Без этого процента фермер, главный деятель сельского хозяйства, не авансировал бы ему основного капитала. Уже с этой точки зрения присвоение фермером доли сельскохозяйственного прибавочного дохода, представляющей процент, является, согласно физиократам, столь же необходимым условием воспроизводства, как сам класс фермеров; поэтому этот элемент нельзя причислить к категории национального «чистого продукта» или «чистого дохода», ибо последний характеризуется именно тем, что его можно потребить без всякого отношения к непосредственным потребностям национального воспроизводства.
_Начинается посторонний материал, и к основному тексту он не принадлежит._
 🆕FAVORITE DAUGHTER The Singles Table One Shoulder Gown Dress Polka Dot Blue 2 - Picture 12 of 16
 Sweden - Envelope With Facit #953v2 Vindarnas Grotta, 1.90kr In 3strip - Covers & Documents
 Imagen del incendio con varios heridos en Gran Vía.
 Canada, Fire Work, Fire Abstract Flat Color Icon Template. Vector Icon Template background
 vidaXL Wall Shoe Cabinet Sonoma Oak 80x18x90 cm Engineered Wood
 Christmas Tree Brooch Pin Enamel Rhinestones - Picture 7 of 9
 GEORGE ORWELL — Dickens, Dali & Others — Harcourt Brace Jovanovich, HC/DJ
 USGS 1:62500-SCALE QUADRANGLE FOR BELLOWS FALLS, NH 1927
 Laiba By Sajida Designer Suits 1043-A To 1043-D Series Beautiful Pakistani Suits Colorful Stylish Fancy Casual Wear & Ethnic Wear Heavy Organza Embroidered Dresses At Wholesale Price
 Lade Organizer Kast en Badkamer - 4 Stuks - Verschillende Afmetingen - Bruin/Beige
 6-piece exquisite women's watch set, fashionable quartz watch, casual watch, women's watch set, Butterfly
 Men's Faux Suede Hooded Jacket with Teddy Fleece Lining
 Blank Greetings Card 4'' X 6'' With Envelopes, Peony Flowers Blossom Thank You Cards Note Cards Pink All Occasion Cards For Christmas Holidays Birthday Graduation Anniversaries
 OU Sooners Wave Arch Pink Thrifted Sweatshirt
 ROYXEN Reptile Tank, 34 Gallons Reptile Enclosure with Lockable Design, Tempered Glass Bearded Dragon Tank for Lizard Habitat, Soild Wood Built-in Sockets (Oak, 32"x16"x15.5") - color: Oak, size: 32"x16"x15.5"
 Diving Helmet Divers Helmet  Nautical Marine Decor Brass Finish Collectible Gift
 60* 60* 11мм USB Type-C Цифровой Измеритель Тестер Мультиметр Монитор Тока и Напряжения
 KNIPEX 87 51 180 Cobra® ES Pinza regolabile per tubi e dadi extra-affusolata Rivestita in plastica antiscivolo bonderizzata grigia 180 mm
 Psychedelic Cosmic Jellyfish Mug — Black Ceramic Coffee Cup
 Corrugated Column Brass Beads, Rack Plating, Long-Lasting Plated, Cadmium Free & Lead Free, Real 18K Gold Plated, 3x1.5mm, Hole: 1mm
Но этот фонд в один миллиард служил, согласно Кенэ, главным образом для необходимых в течение года исправлений и отчасти для обновления основного капитала, далее в качестве резервного фонда против несчастных случаев, наконец, если можно, для увеличения основного и оборотного капиталов, а также для улучшения почвы и для расширения культуры.
Весь процесс, действительно, «довольно прост». В обращение пускаются: фермерами— два миллиарда денег, для уплаты ренты, и на три миллиарда продуктов, из которых две трети жизненных припасов и одна треть сырых материалов; бесплодным классом — на два миллиарда мануфактурных товаров. Из жизненных припасов, стоимостью в два миллиарда, одна половина потребляется земельными собственниками и связанными с ними группами, другая — бесплодным классом в уплату за его труд. Сырые материалы, стоимостью в один миллиард, возмещают оборотный капитал этого же класса. Из обращающихся мануфактурных товаров на два миллиарда ливров одна половина достается земельным собственникам, другая фермерам, для которых она является лишь превращенной формой процента на вложенный ими капитал, процента, полученного в первоначальном виде из сельскохозяйственного производства. Деньги же, пущенные фермерами в обращение в виде уплаты за ренту, возвращаются к ним обратно благодаря продаже их продуктов, и, благодаря этому, тот же кругооборот может сызнова начаться в ближайшем экономическом году.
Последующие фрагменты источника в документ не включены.